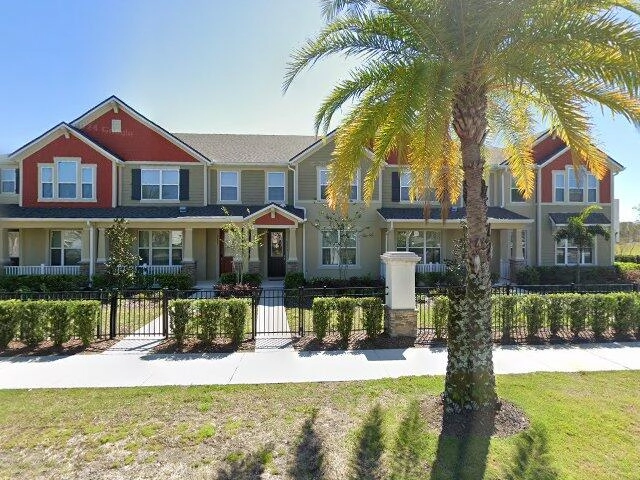 House image located at Orlando, FL 32832
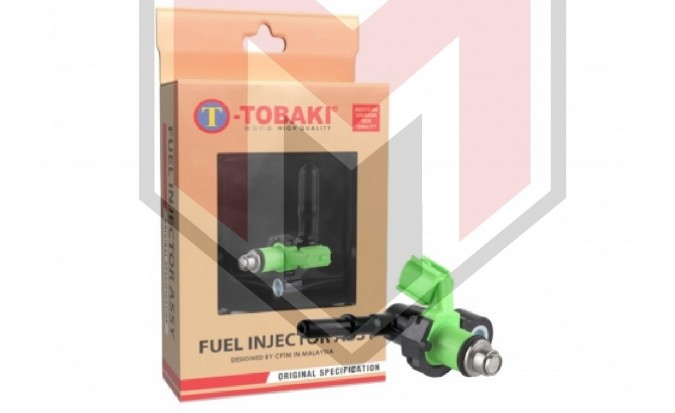 ΜΠΕΚ ΨΕΚΑΣΜΟΥ N MAX STD ΚΟΜΠΛΕ (5D7-E3770-00)TOBAKI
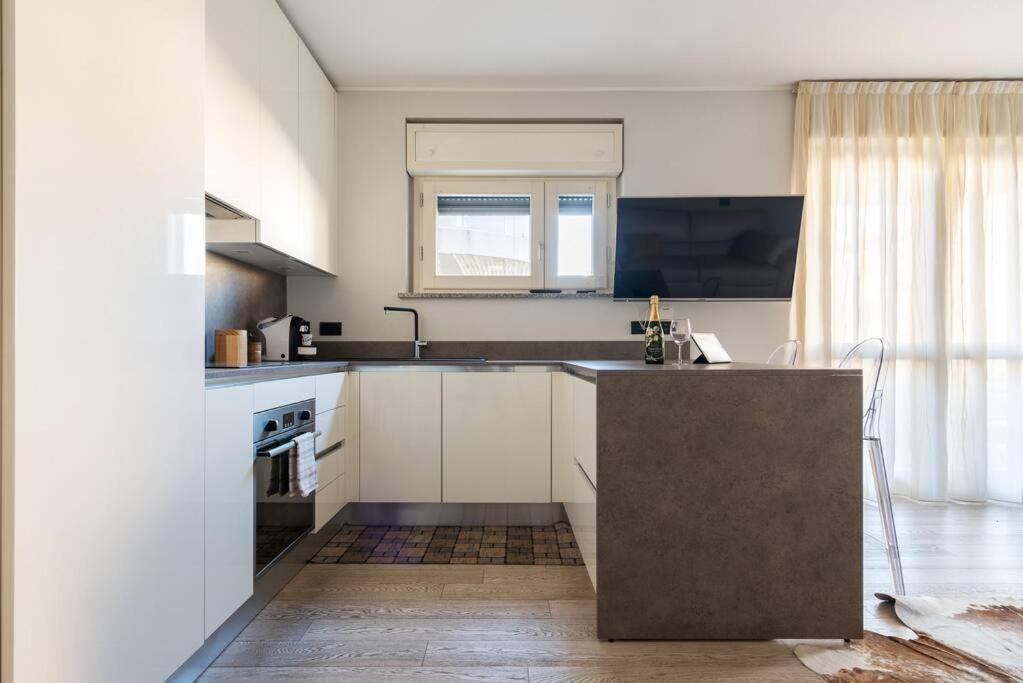 Bezzi Flexyrent A.c. Wifi Appartement Milaan
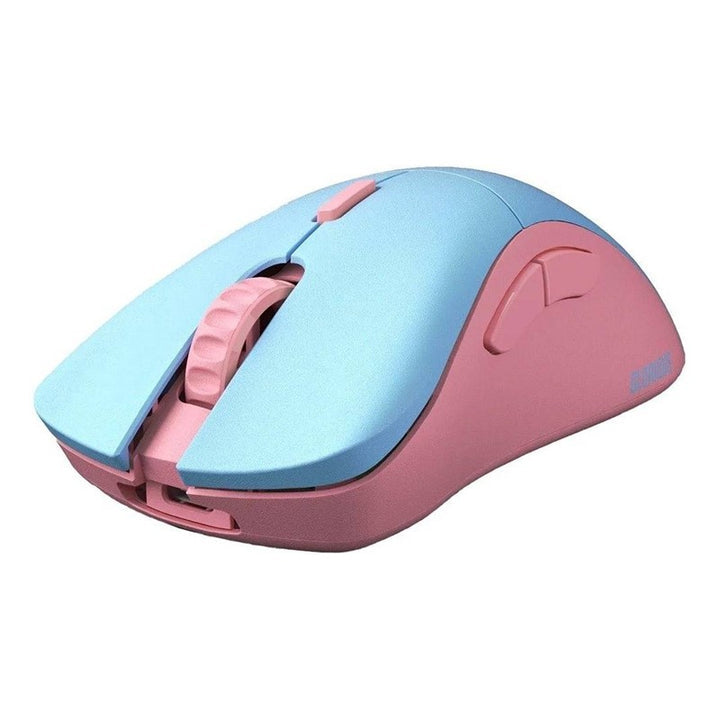 Glorious Model D PRO Wireless Gaming Mouse - Skyline Blue/Pink - Forge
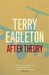 After Theory (Paperback)
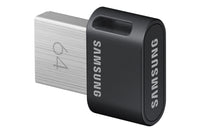 Samsung MUF-64AB USB-Stick 64 GB USB Typ-A 3.2 Gen 1 (3.1 Gen 1) Grau, Silber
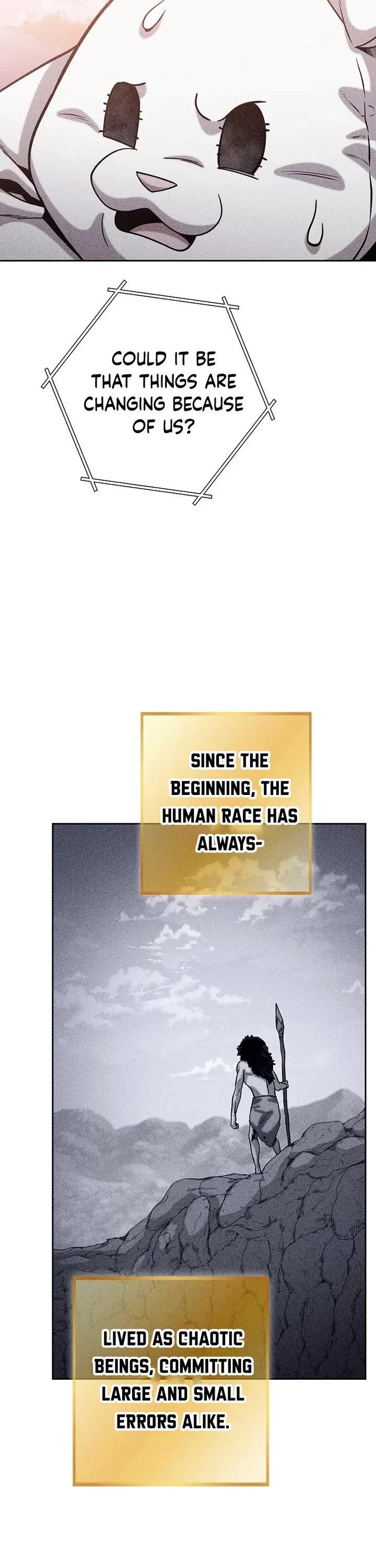 Dungeon Reset chapter 250 page 34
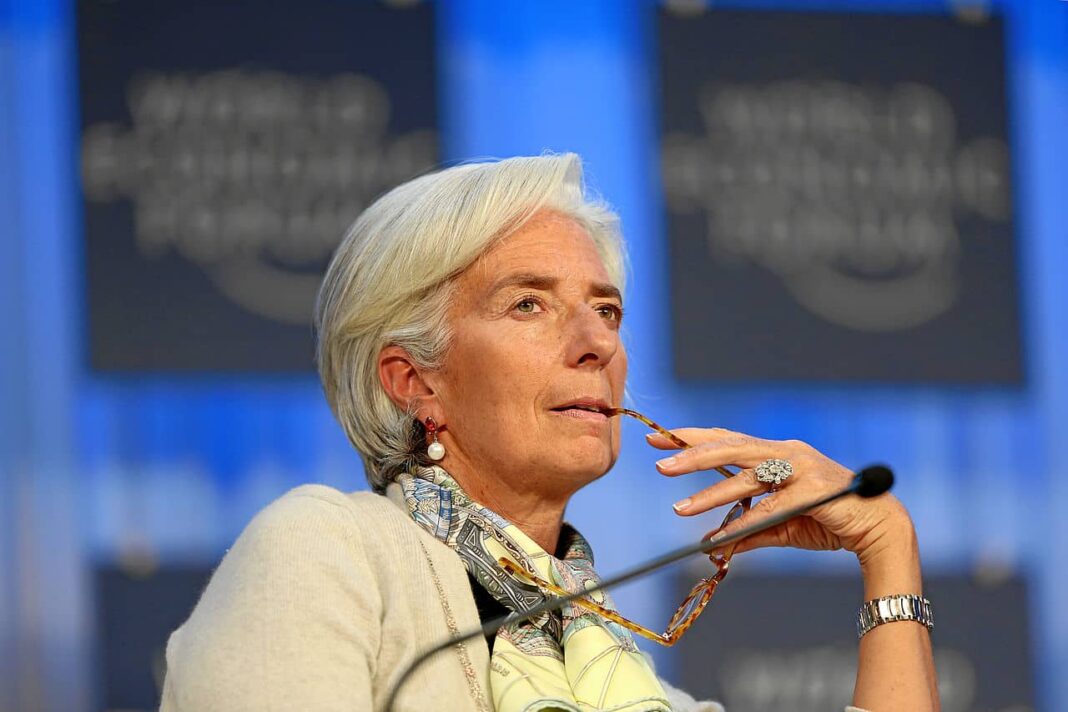 Les banques centrales prennent le risque d’une « zombification » de l’économie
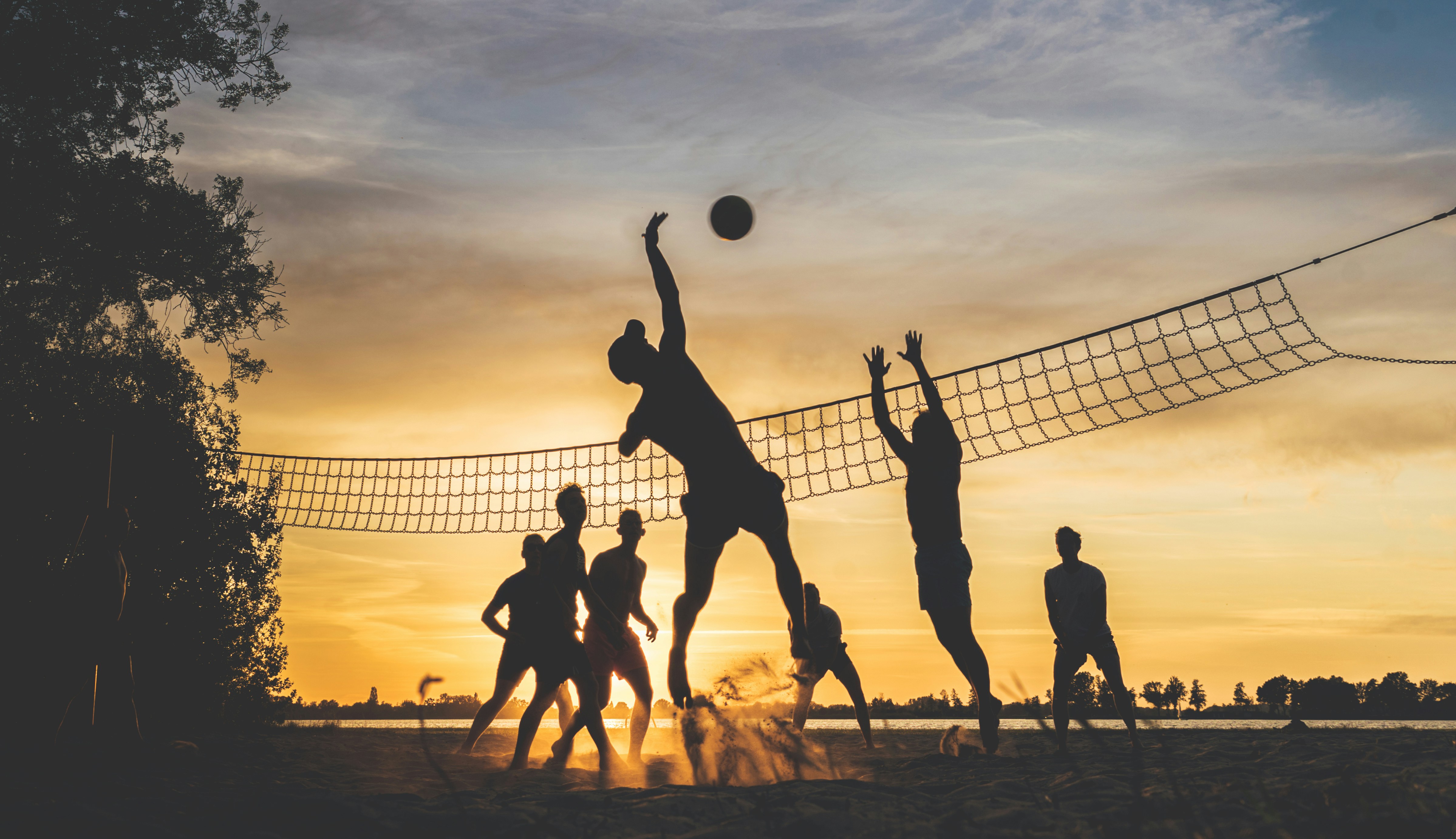 Youth sports and activities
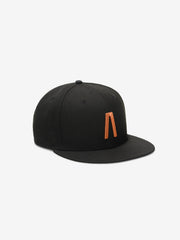 of God Essentials 59FIFTY Athletics Cap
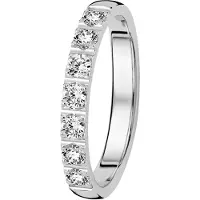 Kohinoor 9K Diamantring 039L-115V-35-170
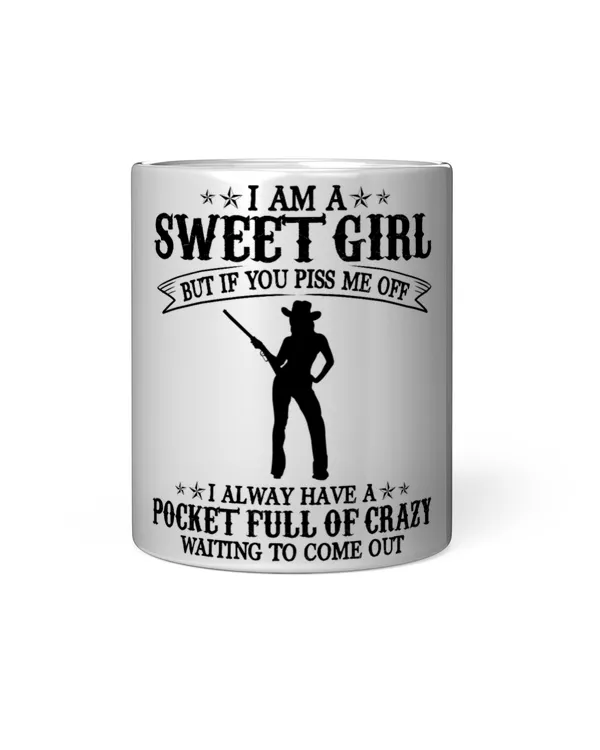 Magic Mug 11oz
+---+
◆ Problem statement:
Exactly as written above, print every line of the data but not its pictures.

◆ Expected answer:
 House image located at Orlando, FL 32832
 ΜΠΕΚ ΨΕΚΑΣΜΟΥ N MAX STD ΚΟΜΠΛΕ (5D7-E3770-00)TOBAKI
 Bezzi Flexyrent A.c. Wifi Appartement Milaan
 Glorious Model D PRO Wireless Gaming Mouse - Skyline Blue/Pink - Forge
 After Theory (Paperback)
 Samsung MUF-64AB USB-Stick 64 GB USB Typ-A 3.2 Gen 1 (3.1 Gen 1) Grau, Silber
 Dungeon Reset chapter 250 page 34
 Les banques centrales prennent le risque d’une « zombification » de l’économie
 Youth sports and activities
 of God Essentials 59FIFTY Athletics Cap
 Kohinoor 9K Diamantring 039L-115V-35-170
 Magic Mug 11oz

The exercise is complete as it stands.